What is POL (ex-MATIC)? A Practical Deep Dive in 2026

What is POL (ex-MATIC)? A Clear Explanation for Beginners (2026)

When I started building on Polygon, POL was already the token name — but MATIC kept appearing everywhere. Old guides, some wallets, some exchanges. I couldn’t tell which was correct. Here’s the honest answer.

When I began building RizeCoin on Polygon, the network’s native token was already called POL. But MATIC was still showing up everywhere — in old documentation, on some exchanges, in certain wallet displays. Polygon itself seemed to use both names depending on where you looked.

It was confusing. I didn’t know which name was current, whether they were the same thing, or whether something had changed that I was missing. Now I know: POL is the correct current name. MATIC is the old name. Unless there’s a specific reason to use MATIC, I don’t — and you probably don’t need to either.

What Happened — MATIC Became POL

Polygon’s native token was originally called MATIC when the network launched. In 2024, Polygon upgraded the token as part of a significant change to the ecosystem’s architecture. The new token is called POL.

This wasn’t just a rename. The transition involved a technical upgrade that gave POL a broader role in the Polygon ecosystem — not just as a gas token for one network, but as the foundation for a connected system of chains through AggLayer.

If you held MATIC before the transition, it was converted to POL. The two tokens are not the same contract, but they represent continuity — MATIC holders became POL holders through the migration process.

Why the confusion persists in 2026:

The transition happened, but not everything updated at the same time. Some exchanges still list “MATIC” as the trading symbol. Some older guides and articles still use MATIC. Some wallet interfaces show one or the other depending on when they last updated their token lists.

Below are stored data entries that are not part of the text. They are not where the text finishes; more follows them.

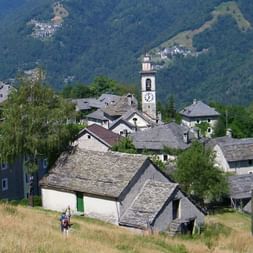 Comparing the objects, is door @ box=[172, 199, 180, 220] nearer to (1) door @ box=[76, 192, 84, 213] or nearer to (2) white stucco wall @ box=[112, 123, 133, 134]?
(1) door @ box=[76, 192, 84, 213]

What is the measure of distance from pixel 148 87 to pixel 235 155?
1153 inches

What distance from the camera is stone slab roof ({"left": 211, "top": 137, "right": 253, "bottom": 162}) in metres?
73.1

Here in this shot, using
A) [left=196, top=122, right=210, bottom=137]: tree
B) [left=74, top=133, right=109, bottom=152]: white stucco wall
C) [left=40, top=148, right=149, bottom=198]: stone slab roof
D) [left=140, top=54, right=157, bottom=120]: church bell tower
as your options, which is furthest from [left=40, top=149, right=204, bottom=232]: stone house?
[left=196, top=122, right=210, bottom=137]: tree

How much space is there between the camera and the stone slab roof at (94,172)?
3928cm

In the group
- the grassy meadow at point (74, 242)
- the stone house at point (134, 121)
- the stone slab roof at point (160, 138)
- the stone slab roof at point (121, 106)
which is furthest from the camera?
the stone slab roof at point (121, 106)

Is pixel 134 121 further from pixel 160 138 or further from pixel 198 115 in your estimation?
pixel 198 115

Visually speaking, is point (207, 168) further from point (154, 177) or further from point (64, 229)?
point (64, 229)

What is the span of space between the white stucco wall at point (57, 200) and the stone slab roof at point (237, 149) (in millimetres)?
33197

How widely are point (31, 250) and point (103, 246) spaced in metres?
5.15

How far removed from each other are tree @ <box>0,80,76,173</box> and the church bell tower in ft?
180

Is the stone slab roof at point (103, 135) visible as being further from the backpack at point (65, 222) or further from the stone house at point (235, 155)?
the backpack at point (65, 222)

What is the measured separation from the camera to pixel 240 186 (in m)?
58.3

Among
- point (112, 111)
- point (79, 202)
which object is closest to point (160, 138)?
point (112, 111)

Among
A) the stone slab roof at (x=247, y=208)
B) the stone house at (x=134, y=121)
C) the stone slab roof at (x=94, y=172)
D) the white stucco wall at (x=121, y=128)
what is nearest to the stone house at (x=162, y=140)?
the white stucco wall at (x=121, y=128) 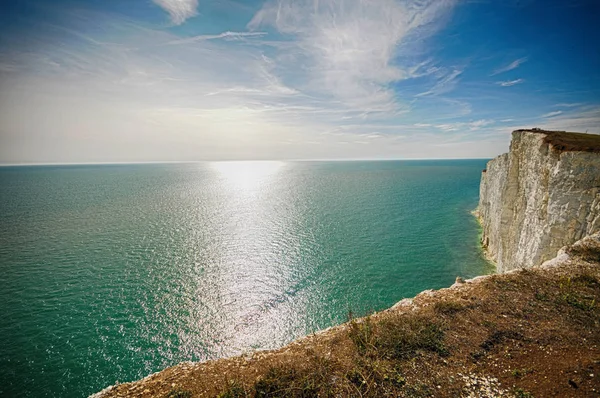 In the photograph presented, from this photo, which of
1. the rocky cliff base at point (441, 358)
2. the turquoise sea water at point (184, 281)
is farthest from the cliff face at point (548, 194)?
the turquoise sea water at point (184, 281)

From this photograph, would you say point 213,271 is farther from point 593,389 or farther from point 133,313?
point 593,389

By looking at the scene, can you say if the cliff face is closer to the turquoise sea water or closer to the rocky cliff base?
the rocky cliff base

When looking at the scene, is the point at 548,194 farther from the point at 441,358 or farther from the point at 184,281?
the point at 184,281

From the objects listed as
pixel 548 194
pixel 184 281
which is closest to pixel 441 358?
pixel 548 194

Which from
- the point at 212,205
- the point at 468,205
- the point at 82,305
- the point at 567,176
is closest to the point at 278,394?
the point at 567,176

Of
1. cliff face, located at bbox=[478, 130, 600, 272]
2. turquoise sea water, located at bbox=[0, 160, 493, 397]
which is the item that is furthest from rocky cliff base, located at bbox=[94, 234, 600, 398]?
turquoise sea water, located at bbox=[0, 160, 493, 397] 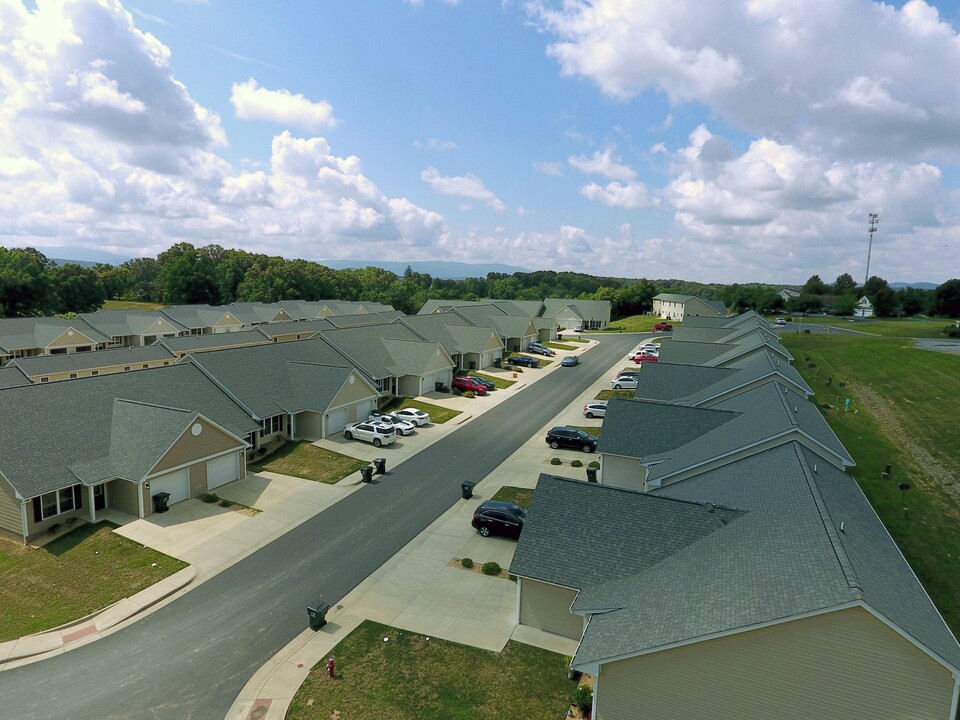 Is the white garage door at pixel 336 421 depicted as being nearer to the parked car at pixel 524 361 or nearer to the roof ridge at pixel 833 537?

When I started on Polygon, I had to figure out that POL and MATIC were the same underlying asset at different points in time — and that the current correct name is POL. I now display POL and don’t have a reason to show MATIC unless something specific requires it.

What POL Does

POL is Polygon PoS‘s gas token. Every transaction on Polygon — sending tokens, swapping on a DEX, adding liquidity, deploying a contract — requires a small amount of POL to pay the gas fee. Without POL in your wallet, nothing moves.

POL also has two other functions. It can be staked to help secure the network and earn rewards. And it’s used for governance — POL holders can participate in decisions about how the network evolves.

POL in practice:

Gas fees on Polygon are small — usually under $0.01 per transaction. But you need POL before you can do anything. If you’re starting on Polygon, the first step is always getting some POL into your wallet. Even $2–$5 worth covers many transactions.

How to get POL: buy it on MEXC and send it to MetaMask.

The Burn Mechanism

A portion of the POL used in each transaction is permanently destroyed — burned. This reduces the total supply of POL over time. In early 2026, roughly 1 million POL are being burned each day.

The burn mechanism exists to counteract inflation. As new POL is issued to reward validators, burning removes some from circulation to maintain balance. For token holders, a deflationary pressure on the supply is generally considered a positive economic design.

POL vs MATIC — The Practical Answer

If you’re new to Polygon in 2026:

Use POL. That’s the current name. When you buy on an exchange, look for POL. When you check your MetaMask balance, it shows POL. When you pay gas, you’re using POL.

If you see MATIC on an exchange or in an old guide, it’s referring to the same asset under its previous name. The network uses POL now.
The reason I stopped displaying MATIC and defaulted to POL is simple: there’s no practical reason to use the old name unless something specifically requires it. For building RizeCoin, for paying gas, for staking — it’s all POL. Using the current name avoids confusion.

Honest Limitations

POL’s value fluctuates with the broader crypto market. If POL drops significantly in price, the dollar cost of gas fees decreases — but so does the value of staking rewards and any POL holdings. For small projects like RizeCoin, POL volatility affects liquidity indirectly through market sentiment.

The transition from MATIC to POL also created a period of documentation inconsistency that still lingers. If you’re following an older guide that says MATIC where you expect to see POL, that’s why — not an error on your part.